Bagikan:

JAKARTA – Bank Indonesia (BI) tidak memungkiri jika perlambatan ekonomi China memiliki ekses tersendiri terhadap ekonomi Indonesia. Pasalnya, China merupakan salah satu mitra dagang terbesar RI di kawasan maupun secara global.

Meski demikian, Gubernur BI Perry Warjiyo menyatakan, tekanan yang ditimbulkan oleh negara di Asia Timur itu tidak signifikan.

“Penurunan ekonomi China memang menurunkan kinerja ekspor kita, meskipun (ekspor Indonesia saat ini masih tergolong) tinggi,” ujarnya saat menggelar konferensi pers usai Rapat Dewan Gubernur (RDG) di Jakarta, Kamis, 24 Agustus.

Sikap optimistis Perry tersebut didasarkan pada fakta jika sumber pertumbuhan ekonomi nasional didominasi oleh faktor yang berasal dari dalam negeri.

“Pertumbuhan ekonomi kita itu dari domestik. Konsumsi rumah rumah tangga itu tinggi, dan ini terutama di sektor-sektor jasa atau tersier, seperti perdagangan, transprotasi, pergudangan, akomodasi, makanan dan minuman,” tuturnya

Perry menjelaskan, kontribusi kalangan muda turut pula menjadi daya dukung dalam memacu pertumbuhan.

Pasalnya, generasi milenial yang berjumlah 17 persen dari polulasi memiliki daya beli yang semakin meningkat.

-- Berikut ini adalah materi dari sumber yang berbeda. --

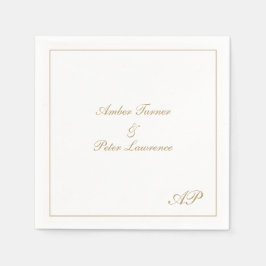 Elegant skript Enkel monogram Formell guldbröllop Pappersservett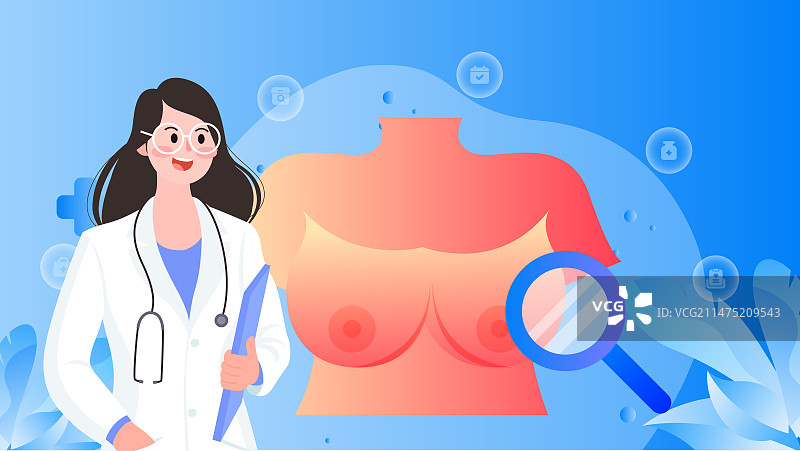 女医生讲解胸部乳腺癌女性知识疾病矢量插画图片素材
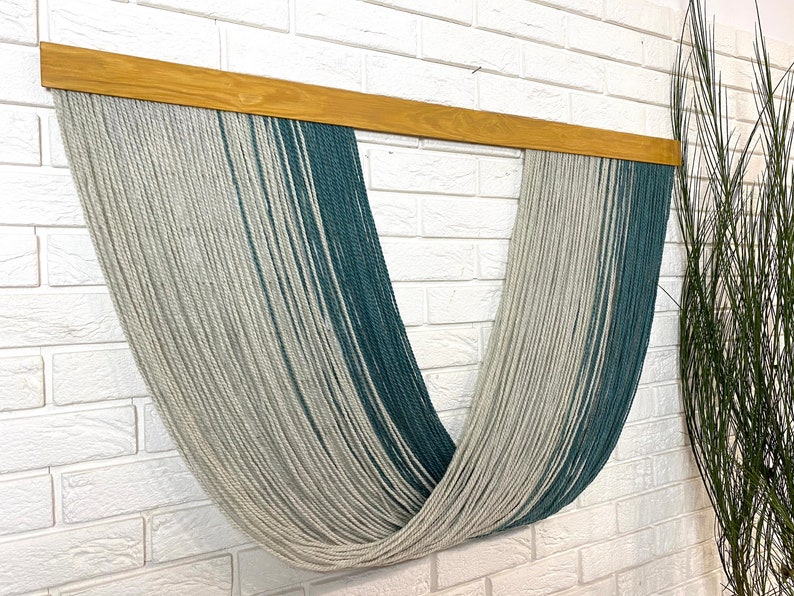 Elegantly Woven Wall Hanging Fiber art Dip Dyed or Natural Macrame Wall Decor,Wall Tapstery,Hanging Wool on Wood Macrame Wall Hanging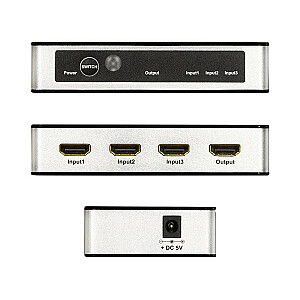 Переключатель 3x1 HDMI, 4K 60Гц, с пультом ДУ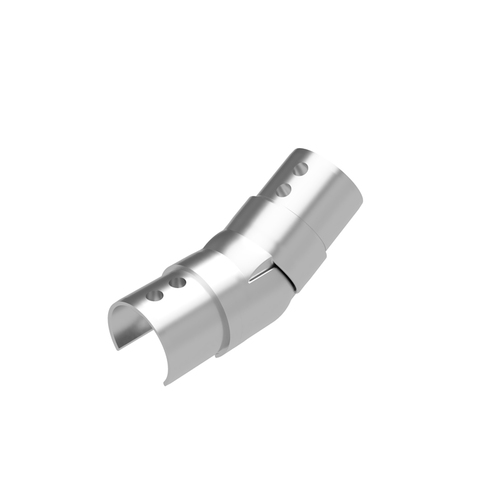 Top Rail Fitting - 1.66" Diameter Adjustable Up Elbow - Brushed Stainless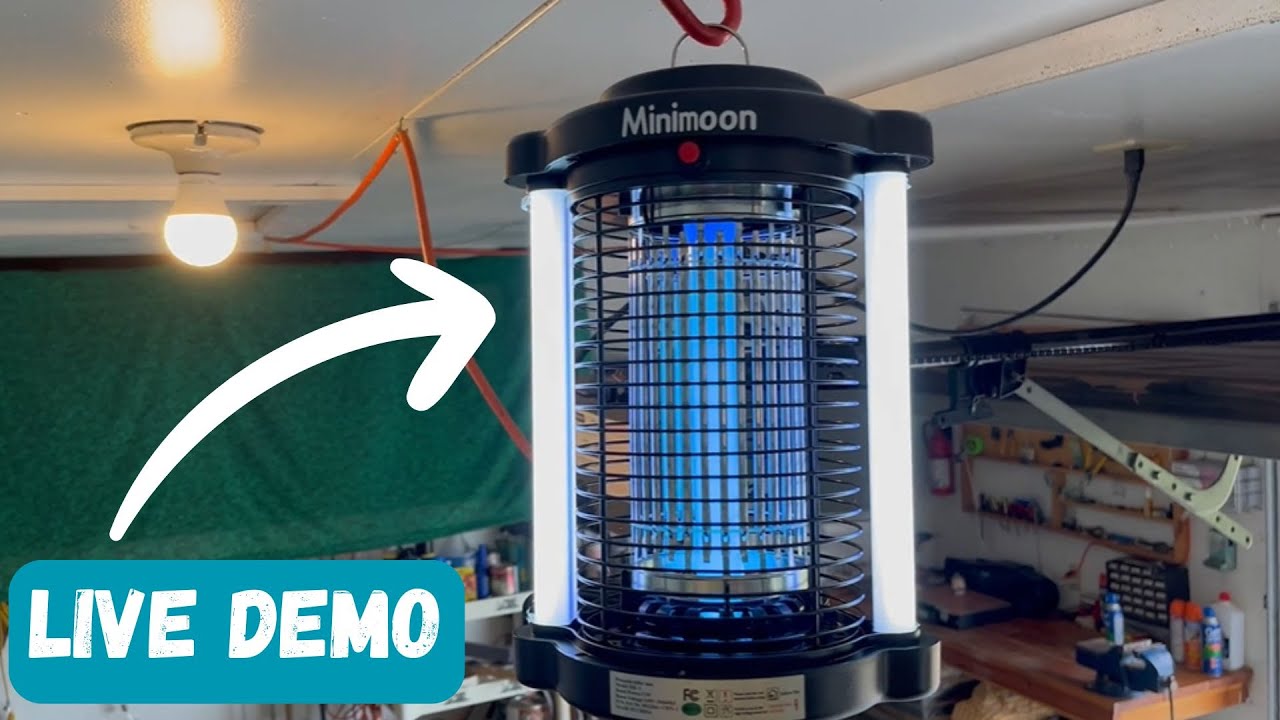Minimoon Bug Zapper Outdoor, Upgraded Mosquito Zapper with Dual LED Light | Live Demo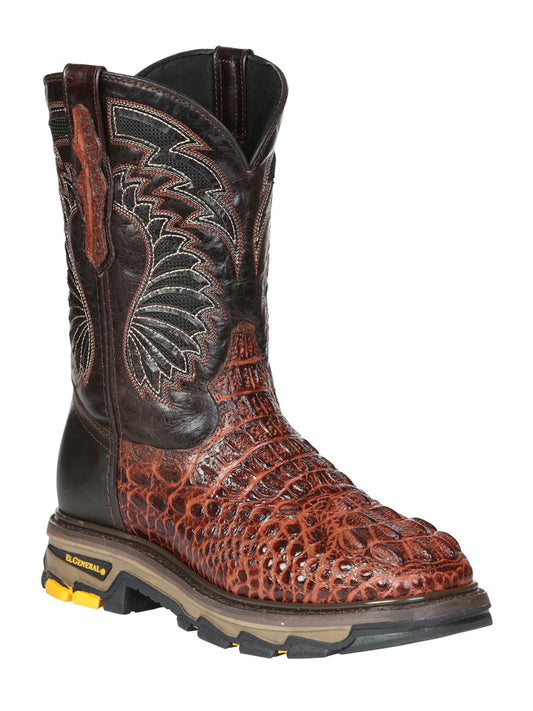 The Rodeo Work Boot — Cognac Caiman Print (No. 45815)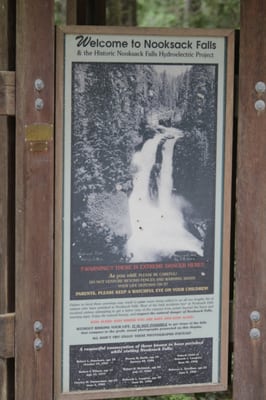 Photo of Nooksack Falls - Glacier, WA, US. Explanatory kiosk.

“Situasi ini jelas mendorong investasi di sektor nonbangunan,” imbuhnya.

Sebagai informasi, pertumbuhan ekonomi Indonesia pada akhir kuartal II 2023 adalah sebesar 5,17 persen.

Torehan itu memperpajang rekor pertumbuhan di atas 5 persen dalam tujuh kuartal berturut-turut.

Terpisah, Kepala Badan Kebijakan Fiskal (BKF) Kemenkeu Febrio Kacaribu sebelumnya sempat menyebut jika gejala slowdown China mempunyai dampak yang cukup terbatas bagi Indonesia.

“Kita lihat memang ada risiko dari perambatan ekonomi China walaupun (mereka) sudah me-reopening ekonominya,” ujar dia dalam konferensi pers APBN belum lama ini.

Merujuk data yang dilansir Badan Pusat Statistik, sumber pertumbuhan ekonomi Indonesia menurut pengeluaran didominasi oleh konsumsi rumah tangga sebesar 51-52 persen.

Diikuti kemudian oleh Pembentukan Modal Tetap Bruto (PMTB) alias investasi sebesar 29 persen, ekspor 24 persen, lalu konsumsi pemerintah, Lembaga Non Profit yang melayani Rumah Tangga (LNPRT), dan ekspor yang masing-masing berkontribusi single digit.